Our friend Dorothy threw in the towel after this waterfall of fun she was having dried up. She got bored – said it wa a deja vu and she was going to quit the dating scene. The Withdrawals were hard. In a week – or two – she filled her calendar withe trips, exploring, movies, museums, Giants Games, dance lessons. She loved joining a Singles walking club.
And so it begins…back at the dating trough.
She won’t date a man who has been divorced more than once or who is living in a studio apartment. She doesn’t like cats, dogs, bicyclists swathed in lycra, men who smoke or vegetarians.
She can’t stand men who don’t use the turn signal while driving and will not tolerate any who use their middle finger to display anger. She hates to see a man driving a car with a dog in his lap. Eating donuts is a very big NO. She has been called a “Picky Eater” by friends and foe. She will be in a panic if it isn’t organic. Sugar is her enemy and she loathes all white foods. Her friends marvel at her love for Kale and Quinoa. The two are her staples, she dabbles in organic spinach and cabbage and Pressed Juices. Yes, she is very very thin
What she does like: is a single, employed or retired, guy who owns his own house. A pool ( sauna, spa, ) is extra “points.” Her long list of “Must Haves” reeks of gold-digger.

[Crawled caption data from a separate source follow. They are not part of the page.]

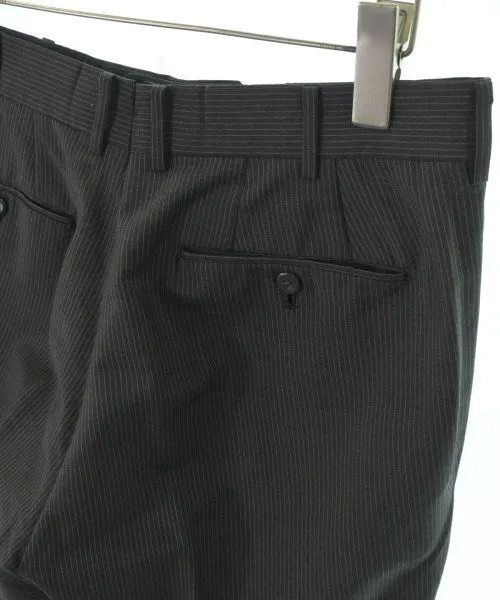 Brille par son élégance - Costumes d'affaires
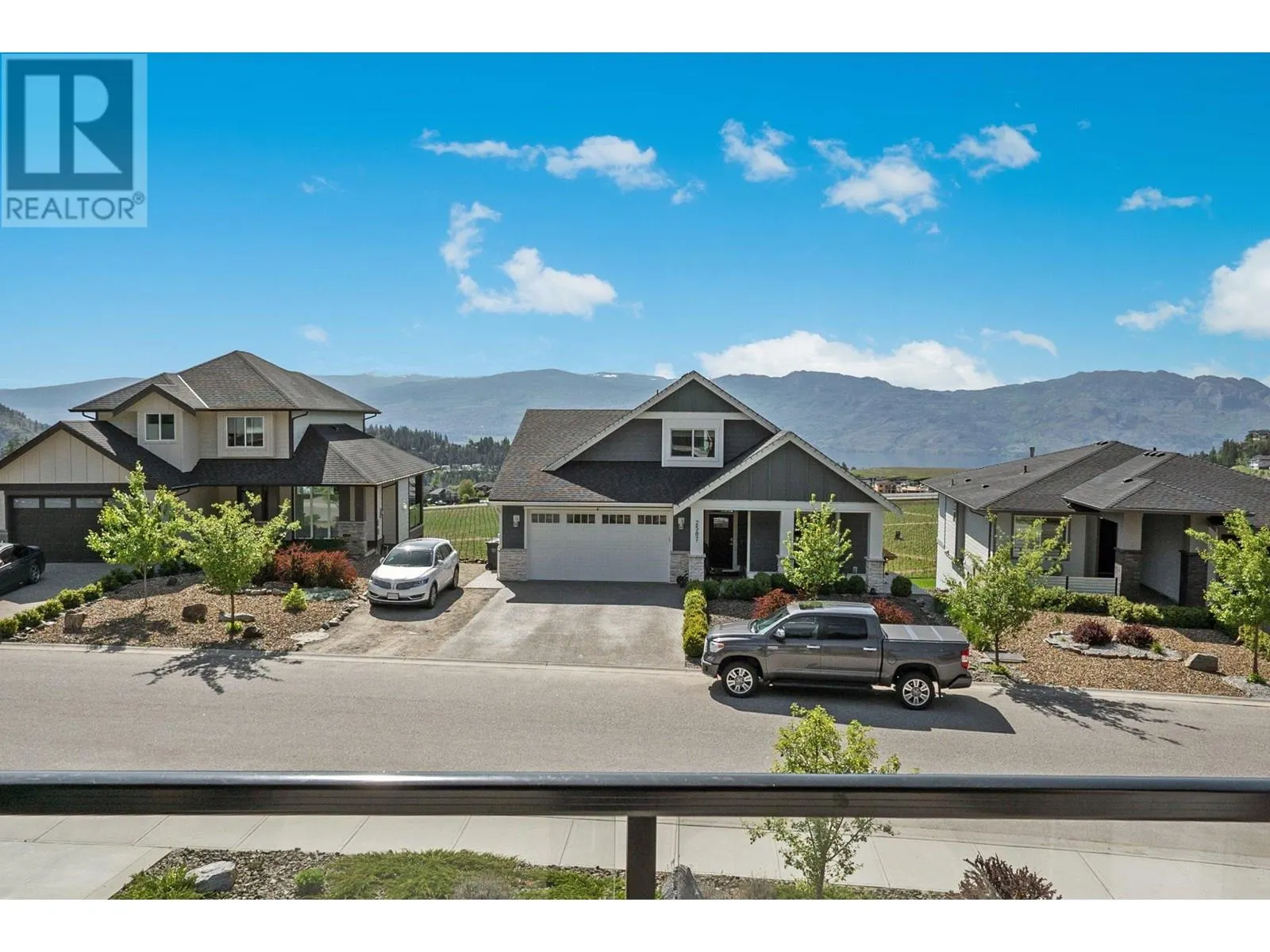 2594 Crown Crest Drive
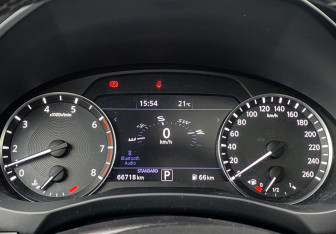 Подержанный автомобиль Infiniti QX50 2018 года (20 фото)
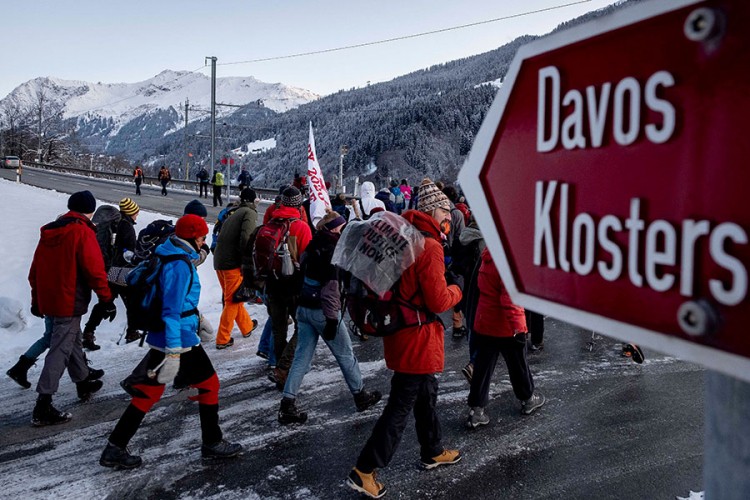 Protesti na početku jubilarnog 50. Svjetskog ekonomskog foruma u Davosu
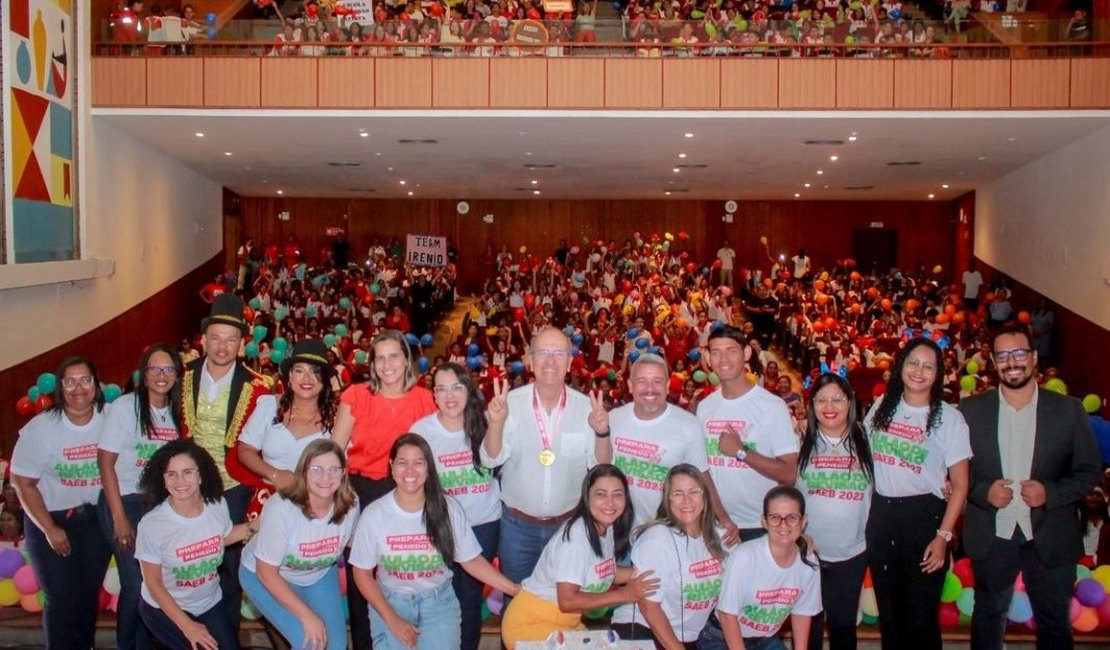 Estudantes de escolas da Prefeitura de Penedo participam do Aulão de Revisão SAEB 2023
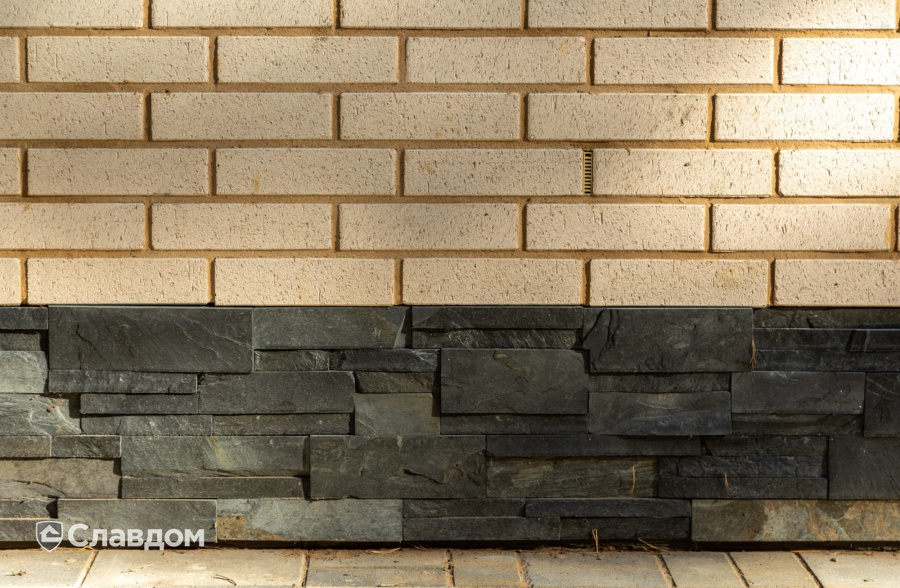 Частный дом в Ленинградской области с облицовкой кирпичом Terca 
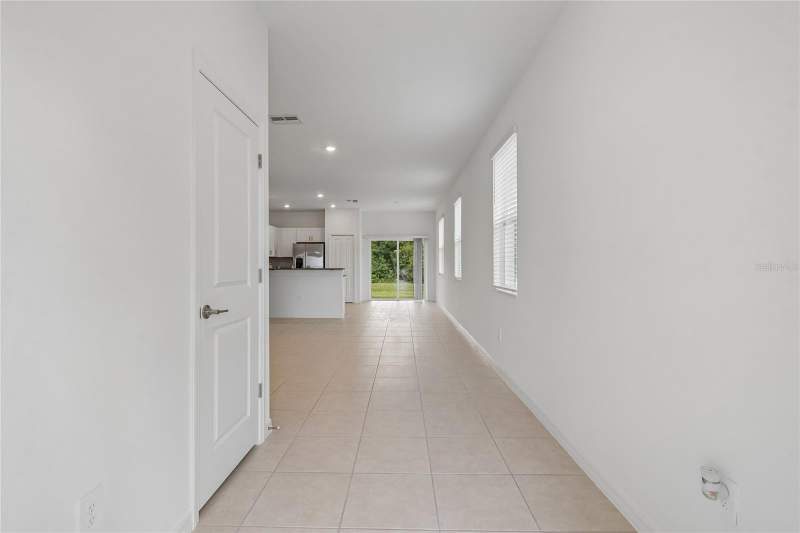 2 bedroom Townhouse at 222 Tulip Banded Way, South Shore Pointe, Ruskin — photo 5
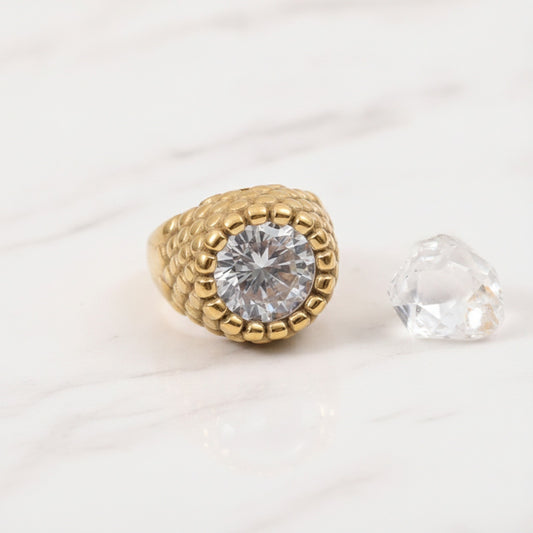 Bague Chevalière Zircon Acier Inoxydable pour Femme - Bijou Simple, Délicat et Étanche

She admits to her best friends, her tiny studio apartment, in the beautiful old building, is a “buzzkill” and she never allows a date to enter her private chambers.
Sindie dated Thomas for three months before he gave up trying to make her happy. He wined and dined her. On their 10th date he gave her a Tiffany heart and she offered a polite “Thank you” and later tucked it her her jewelry drawer. She had sold three other Tiffany Heart gifts on eBay. His would be next. She dubbed Thomas “irrelevant” and moved on. Alone. Single. Searching and very unhappy.
“I love being irreverent. But I hate being irrelevant. I love being irreverent because at the end of the day your actions belie your intentions.